Rotational kinetic energy is the energy an object has because it spins, and it equals $K {\mathrm{rot}}=\frac{1}{2} I \omega^{2}$. It depends on how the mass is spread out (rotational inertia $I$) and how fast the object turns (angular velocity $\omega$), and like all energy it is a scalar.

Why This Matters for the AP Physics C: Mechanics Exam

Unit 6 carries 10 to 15 percent of the exam weighting, and rotational kinetic energy is the foundation for the rest of the unit. You will use it on both multiple-choice and free-response questions when you set up energy conservation for rolling objects, compare spinning systems, and predict how changing mass distribution or angular speed changes energy.

This topic also supports the kind of reasoning the exam rewards. When you justify a claim on free response, naming an equation or principle is not enough. You need to explain the steps that connect $K_{\mathrm{rot}}=\frac{1}{2} I \omega^{2}$ to your conclusion, such as why one disk has more energy than another.

Key Takeaways

• Rotational kinetic energy is $K_{\mathrm{rot}}=\frac{1}{2} I \omega^{2}$, where $I$ is in kg·m² and $\omega$ is in rad/s.
• This equation parallels translational kinetic energy $\frac{1}{2}mv^2$, with $I$ playing the role of mass and $\omega$ the role of speed.
• For a point mass at radius $r$, rotational kinetic energy reduces exactly to $\frac{1}{2}mv^2$ because $v = r\omega$.
• An object can rotate about its center of mass and also move through space, so total kinetic energy is $K_{\mathrm{trans}} + K_{\mathrm{rot}}$.
• A system with a stationary center of mass can still have rotational kinetic energy because its individual points are moving.
• Rotational kinetic energy is a scalar, so it adds directly without direction or components.

The Rotational Kinetic Energy Equation

Rotational kinetic energy is the energy an object has because of its rotation.

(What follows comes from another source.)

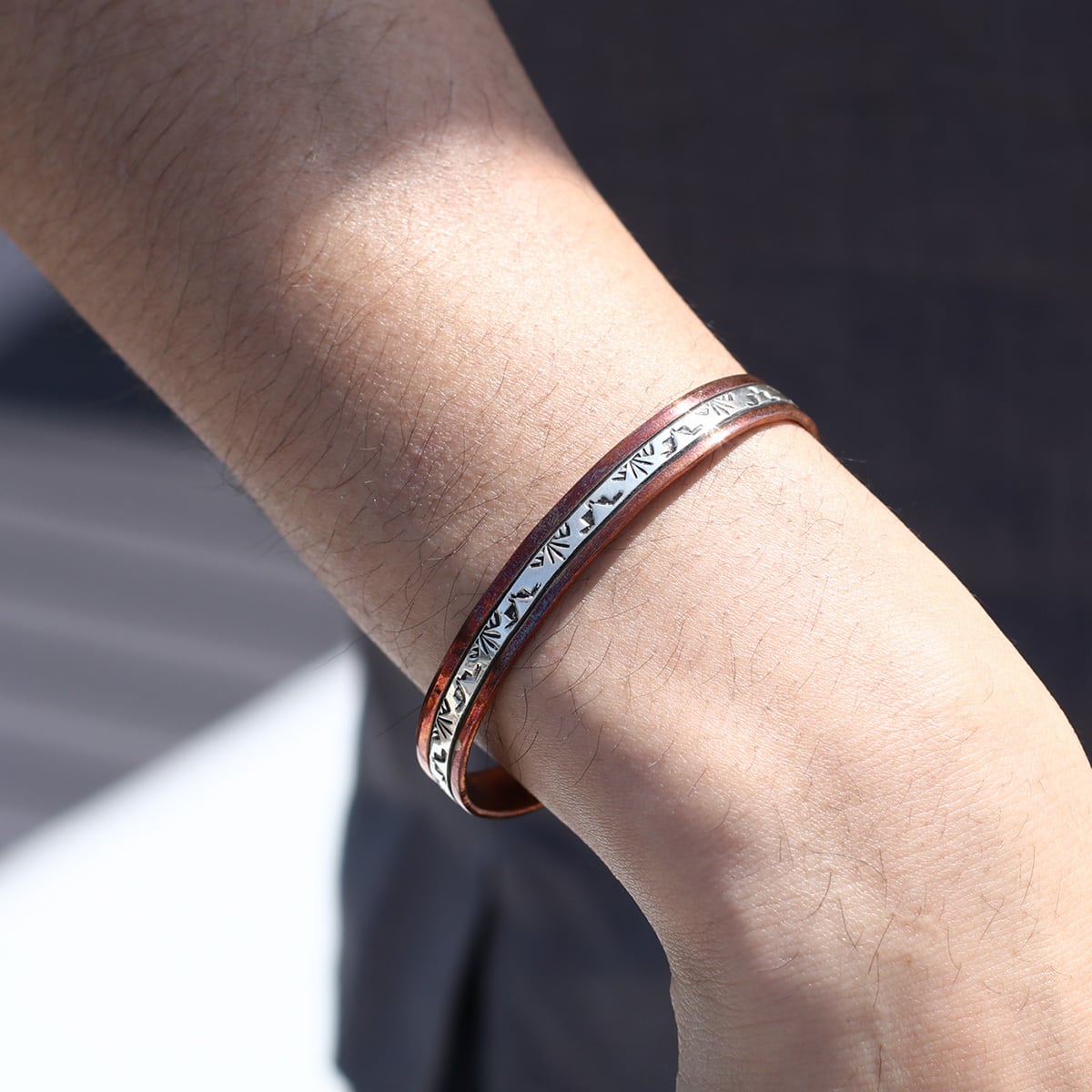 インディアンジュエリー　ワイリーセカテロ　バングル　シルバー925 Wylie Secatero ワイリー セカテロ Stumpwork Bangle スタンプワーク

Just as translational kinetic energy depends on mass and speed, rotational kinetic energy depends on rotational inertia and angular velocity.

$K_{\mathrm{rot}}=\frac{1}{2} I \omega^{2}$

Each symbol has a specific meaning:

• $K_{\mathrm{rot}}$ is the rotational kinetic energy, in joules (J)
• $I$ is the rotational inertia, also called moment of inertia, in kg·m²
• $\omega$ is the angular velocity, in radians per second (rad/s)

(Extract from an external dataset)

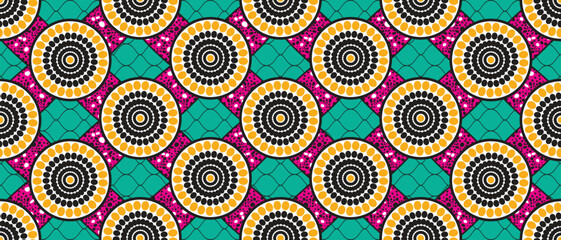 African ethnic traditional pattern. seamless beautiful Kitenge, chitenge, Ankara style. fashion design in colorful. Geometric circle abstract motif. Floral flower Ankara prints, African wax prints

Notice how closely this mirrors the translational form $K = \frac{1}{2}mv^2$. Rotational inertia $I$ takes the place of mass, and angular velocity $\omega$ takes the place of linear speed. That parallel is worth keeping in mind, because most rotational equations have a translational twin.

Why It Equals Translational Kinetic Energy

Rotational kinetic energy is not a separate kind of energy. It is the regular kinetic energy of all the little pieces of a spinning object, added up.

For a single point mass moving in a circle of radius $r$, the linear speed relates to angular velocity by $v = r\omega$. Substitute that into the rotational energy equation:

$K_{\mathrm{rot}} = \frac{1}{2}I\omega^2 = \frac{1}{2}(mr^2)\omega^2 = \frac{1}{2}m(r\omega)^2 = \frac{1}{2}mv^2$

So for a point mass, rotational kinetic energy is exactly its translational kinetic energy. For an extended object, you can think of it as integrating over every mass element, which is why the rotational inertia $I$ captures how the mass is distributed.

Total Kinetic Energy of a System

Many real objects spin and move at the same time. The total kinetic energy is the sum of the rotational part (about the center of mass) and the translational part (motion of the center of mass):

$K_{\mathrm{total}} = K_{\mathrm{rot}} + K_{\mathrm{trans}} = \frac{1}{2}I\omega^2 + \frac{1}{2}Mv_{cm}^2$

This applies to systems like:

• A ball rolling down a ramp (moving forward and spinning)
• A frisbee flying through the air while spinning
• A car wheel during normal driving

Splitting the kinetic energy into these two pieces makes energy conservation problems much easier to set up, which is exactly what you will do later in this unit with rolling.

Rotation With a Stationary Center of Mass

A system can have rotational kinetic energy even when its center of mass is not going anywhere. When $v_{cm} = 0$, the total kinetic energy is just the rotational part:

$K_{\mathrm{total}} = K_{\mathrm{rot}} = \frac{1}{2}I\omega^2$

The center of mass sits still, but the individual points inside the object still move with speed $v = r\omega$, so they carry kinetic energy. Examples include:

• A spinning top holding its position
• A flywheel turning on a fixed axle
• Earth rotating on its axis

This is why a spinning object can store a lot of energy even when it looks like it is staying in one place.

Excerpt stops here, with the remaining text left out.